Le demandeur reproche au ministre de la Justice de ne pas avoir pris en considération les faits prérelatés qui établiraient dans son chef des craintes raisonnables de persécution justifiant la reconnaissance du statut de réfugié politique.

Le représentant étatique soutient que le ministre de la Justice aurait fait une saine appréciation de la situation de Monsieur… et que son recours laisserait d’être fondé.

Aux termes de l’article 1er, section A, 2. de la Convention de Genève, le terme « réfugié » s’applique à toute personne qui « craignant avec raison d’être persécutée du fait de sa race, de sa religion et de sa nationalité, de son appartenance à un certain groupe social ou de ses opinions politiques, se trouve hors du pays dont elle a la nationalité et qui ne peut ou, du fait de cette crainte, ne veut se réclamer de la protection de ce pays; ou qui, si elle n’a pas de nationalité et se trouve hors du pays dans lequel elle avait sa résidence habituelle à la suite de tels événements, ne peut ou, en raison de ladite crainte, ne veut y retourner ».
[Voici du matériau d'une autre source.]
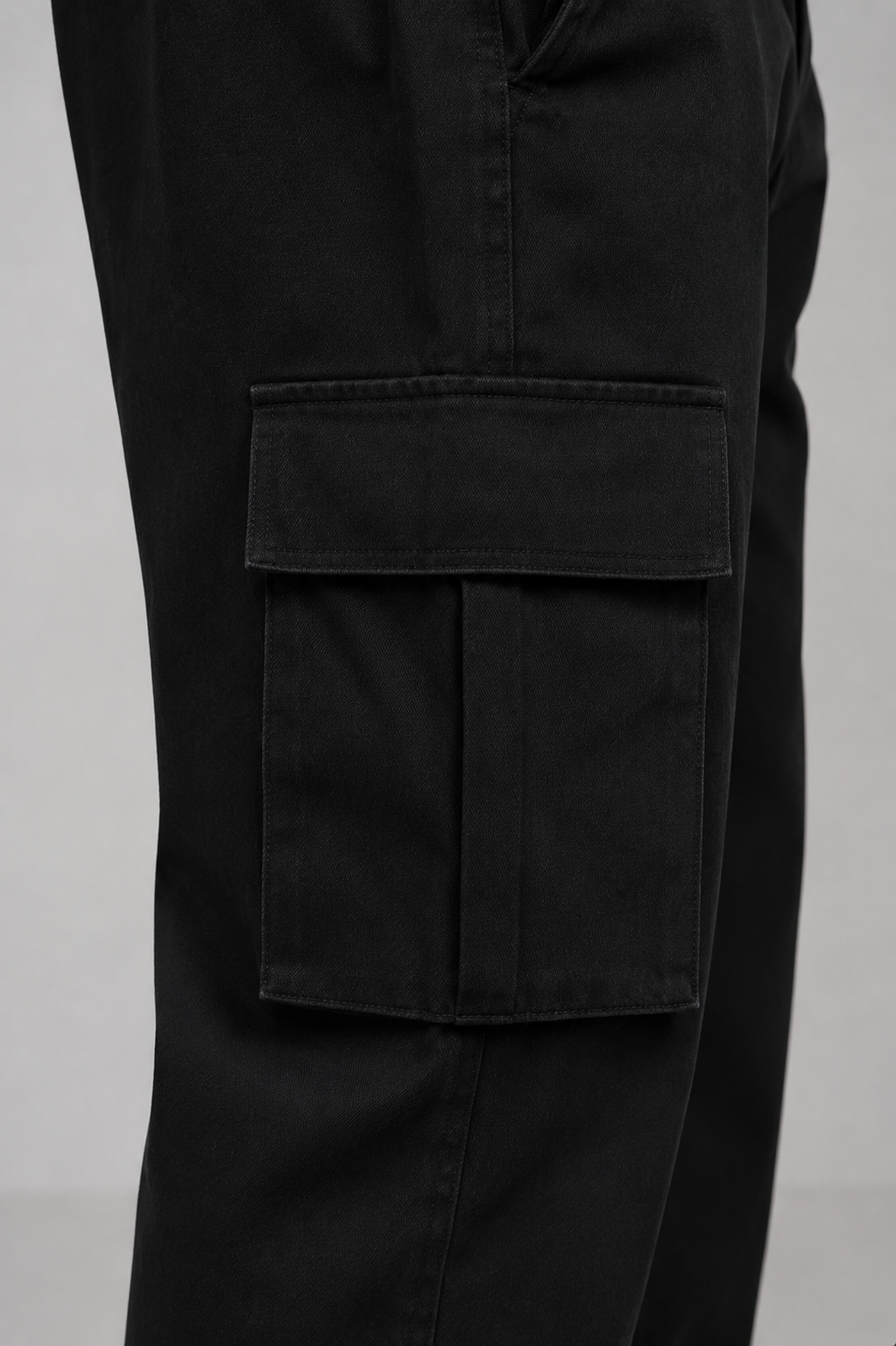 Wide Leg Cargo Pant — Black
La reconnaissance du statut de réfugié n’est pas uniquement conditionnée par la situation générale du pays d’origine mais aussi et surtout par la situation particulière du demandeur d’asile qui doit établir, concrètement, que sa situation subjective spécifique a été telle qu’elle laissait supposer un danger sérieux pour sa personne. - Dans ce contexte, il convient encore de préciser que le tribunal est appelé, dans le cadre d'un recours en réformation, à apprécier le bien-fondé et l'opportunité d'une décision entreprise en tenant compte de la situation existant au moment où il statue (cf. trib. adm.

1er octobre 1997, n° 9699, Pas. adm. 2001, V° Recours en réformation, n° 11).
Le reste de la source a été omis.